### [Exercise data]
__________

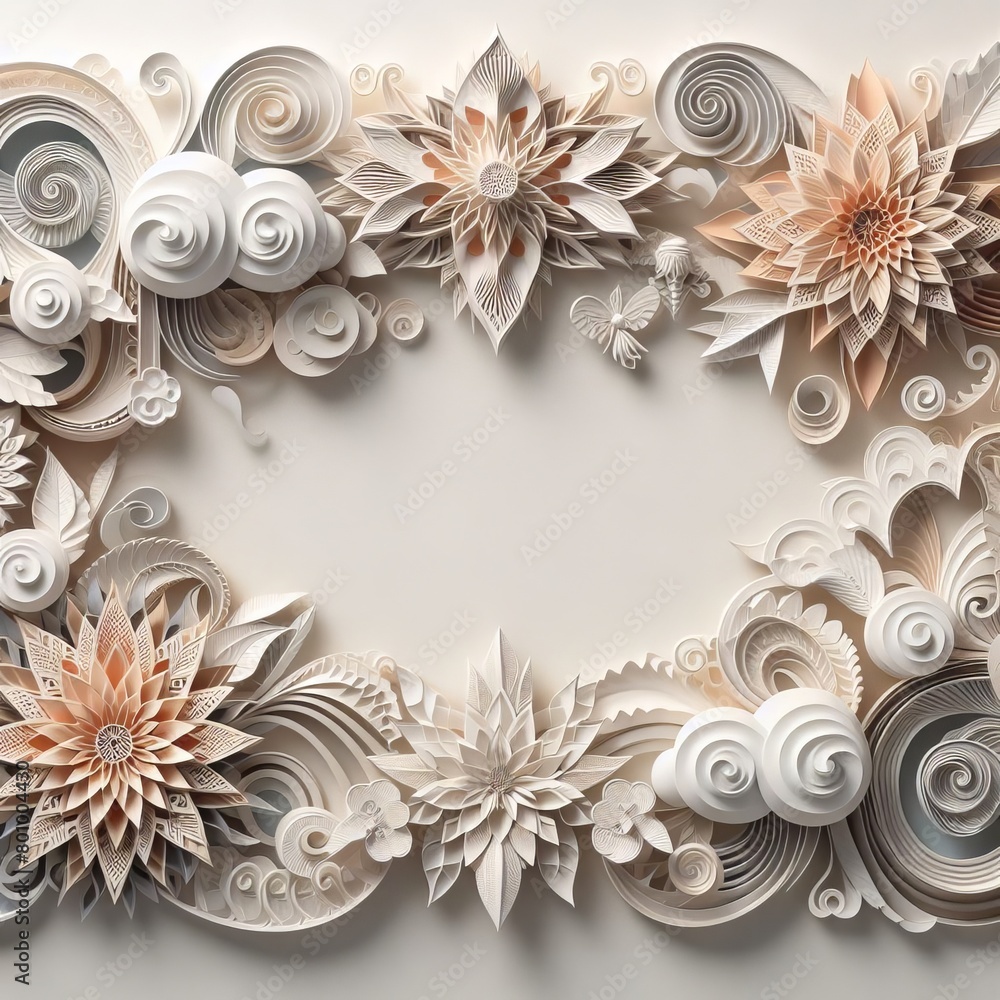 Handcrafted Paper Floral Art in Neutral Tones for Elegant Home Decor Displayed in a Modern Gallery Handcrafted Paper Floral Art in Neutral Tones for Elegant Home Decor Displayed in a Modern Gallery
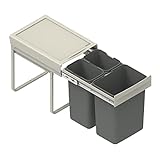 BigDean Mülltrennsystem 3-fach 38L (2x9L + 20L) - Mülleimer Küche Abfalleimer Soft-Close Einbaumülleimer für Schränke ab 40 cm Breite - Höhe 44cm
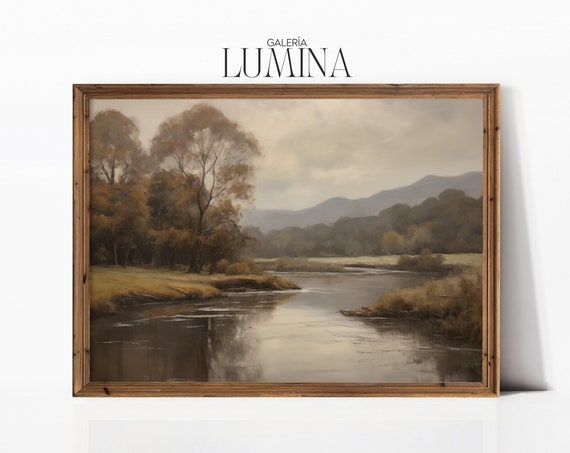 Victorian River Landscape Oil Painting Antique Nature Landscape Painting Muted Summer Country Print Art Frame Tv Art 342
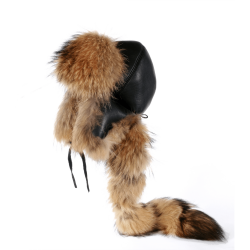 Mongolian Traditional Raccoon Fur Trapper Hats for Men | Winter Hats with Real Leather Mongolian Traditional Raccoon Fur Trapper Hats for Men | Winter Hats with Real Leather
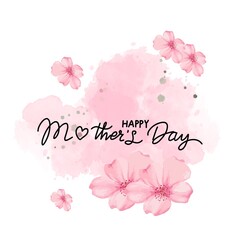 Mother's day greeting card. Vector banner. happy mother day card. calligraphy text on pink flowers background. .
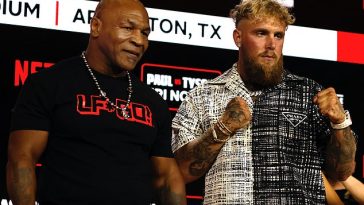 El ex campeón de peso pesado Mike Tyson (izq.) y el YouTuber y boxeador profesional Jake Paul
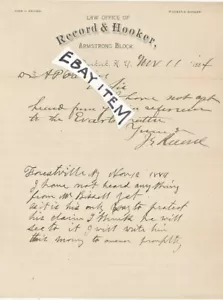 1884 Dunkerque Nueva York Abogado John G Record WARREN BREWSTER HOOKER Juez Congreso - Imagen 1 de 1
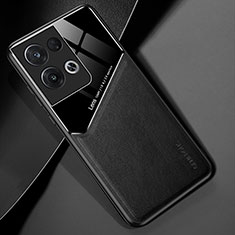 Soft Silicone Gel Leather Snap On Case Cover with Magnetic for Oppo Reno8 5G Black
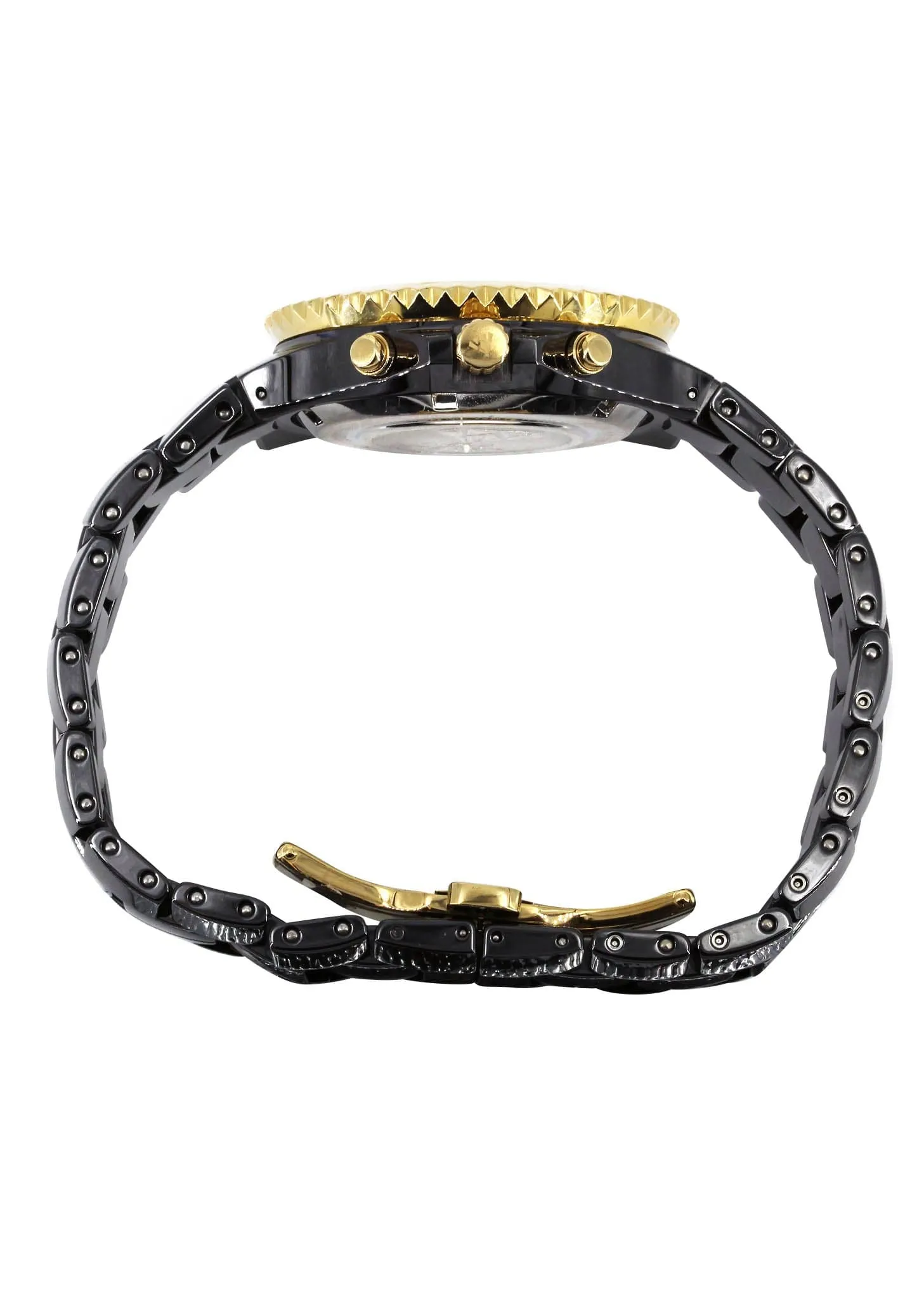 Mens Yellow Gold Tone Diamond Watch | Appx. 1.25 Carats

__________

### [Task directions]
Here the job is to print all the entries above exactly, minus the images.

### [Result]
 Handcrafted Paper Floral Art in Neutral Tones for Elegant Home Decor Displayed in a Modern Gallery Handcrafted Paper Floral Art in Neutral Tones for Elegant Home Decor Displayed in a Modern Gallery
 BigDean Mülltrennsystem 3-fach 38L (2x9L + 20L) - Mülleimer Küche Abfalleimer Soft-Close Einbaumülleimer für Schränke ab 40 cm Breite - Höhe 44cm
 Victorian River Landscape Oil Painting Antique Nature Landscape Painting Muted Summer Country Print Art Frame Tv Art 342
 Mongolian Traditional Raccoon Fur Trapper Hats for Men | Winter Hats with Real Leather Mongolian Traditional Raccoon Fur Trapper Hats for Men | Winter Hats with Real Leather
 Mother's day greeting card. Vector banner. happy mother day card. calligraphy text on pink flowers background. .
 El ex campeón de peso pesado Mike Tyson (izq.) y el YouTuber y boxeador profesional Jake Paul
 1884 Dunkerque Nueva York Abogado John G Record WARREN BREWSTER HOOKER Juez Congreso - Imagen 1 de 1
 Soft Silicone Gel Leather Snap On Case Cover with Magnetic for Oppo Reno8 5G Black
 Mens Yellow Gold Tone Diamond Watch | Appx. 1.25 Carats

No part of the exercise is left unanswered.